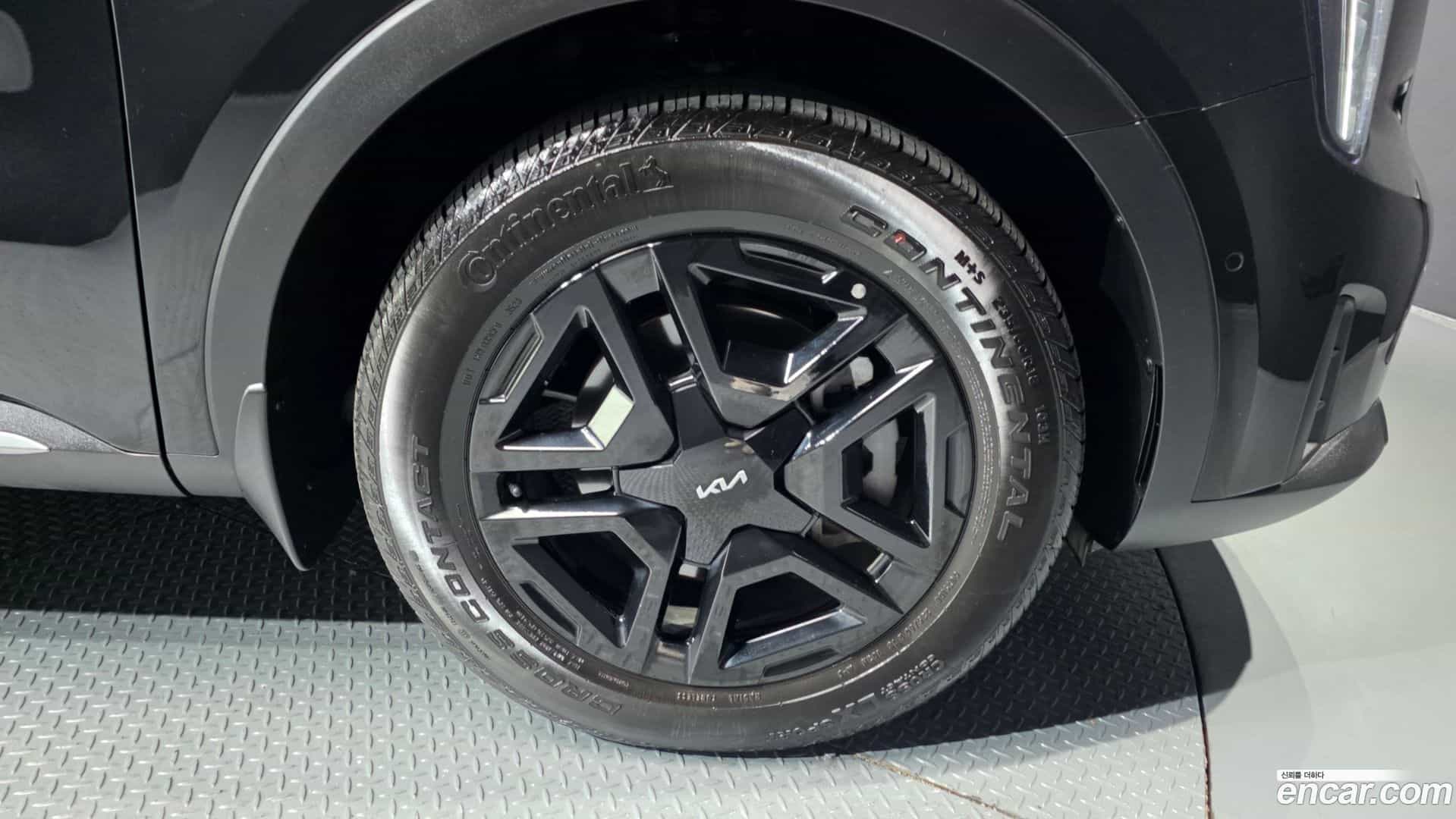 Sorento Kia 2023.9-OUTER-031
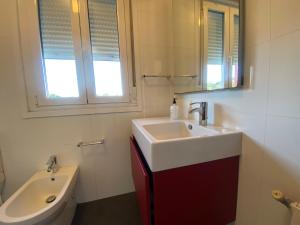 ein Badezimmer mit Waschbecken, Spiegel und Toilette in der Unterkunft Casa Rosiña in Campo Lameiro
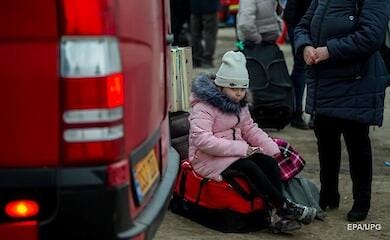 Families with children affected by the war will receive material assistance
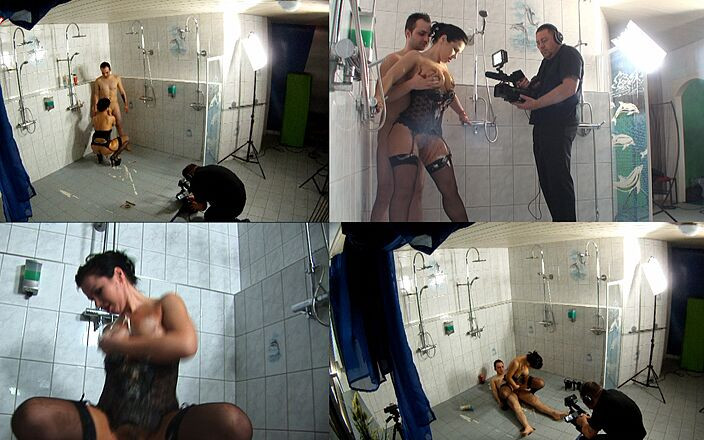 Lydia Privat: 내 자지를 빨아주는 발정나서 빨아주기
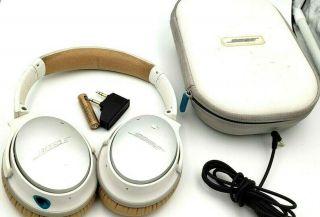 Bose QC25 White Noise Canceling Very Comfortable comes with batteries RARE WHITE 2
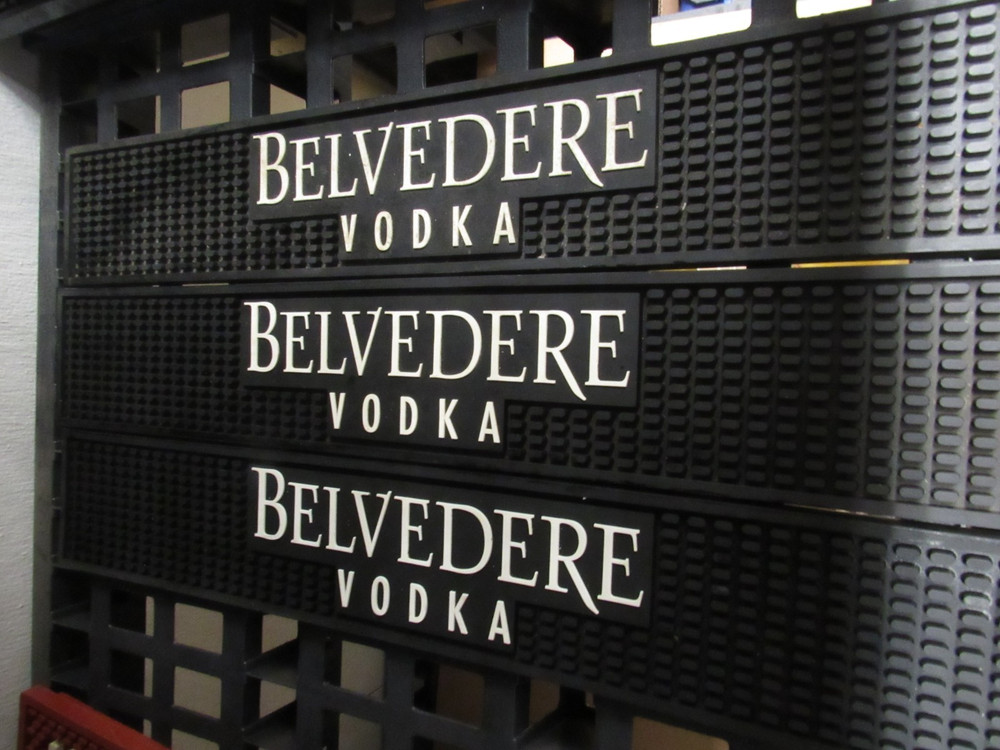 BELVEDERE VODKA BLACK RUBBER BAR DRIP MAT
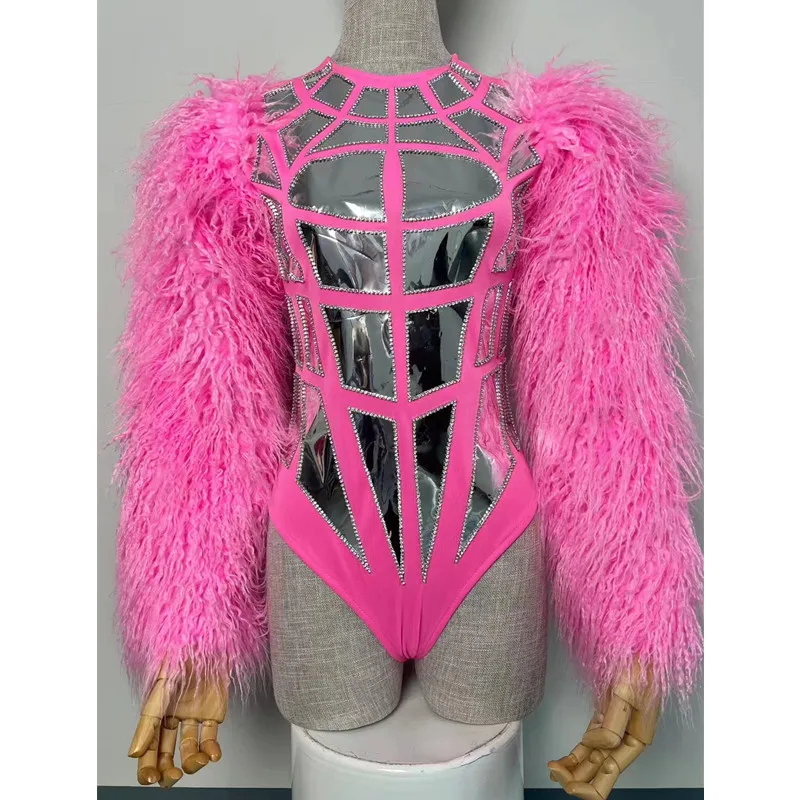 Pink Fur Sleeve Silver Laser Mirror Bodysuit Women Dance Team Sexy DJ Gogo Stage Wear Nightclub Party Show Drag Queen Costume
Pink Fur Sleeve Silver Laser Mirror Bodysuit Women Dance Team Sexy DJ Gogo Stage Wear Nightclub Party Show Drag Queen Costume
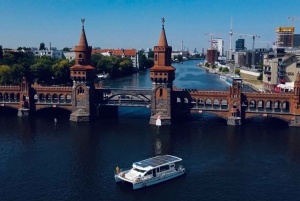 Berlino: crociera in catamarano al tramonto con audioguida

• [PROBLEM TO SOLVE]: Skip every picture and retype only the lines from the line with "BELVEDERE VODKA BLACK RUBBER BAR DRIP MAT" through the last line of the listing, both ends included, exactly as they appear.

• [EXERCISE ANSWER]:
 BELVEDERE VODKA BLACK RUBBER BAR DRIP MAT
 Pink Fur Sleeve Silver Laser Mirror Bodysuit Women Dance Team Sexy DJ Gogo Stage Wear Nightclub Party Show Drag Queen Costume
Pink Fur Sleeve Silver Laser Mirror Bodysuit Women Dance Team Sexy DJ Gogo Stage Wear Nightclub Party Show Drag Queen Costume
 Berlino: crociera in catamarano al tramonto con audioguida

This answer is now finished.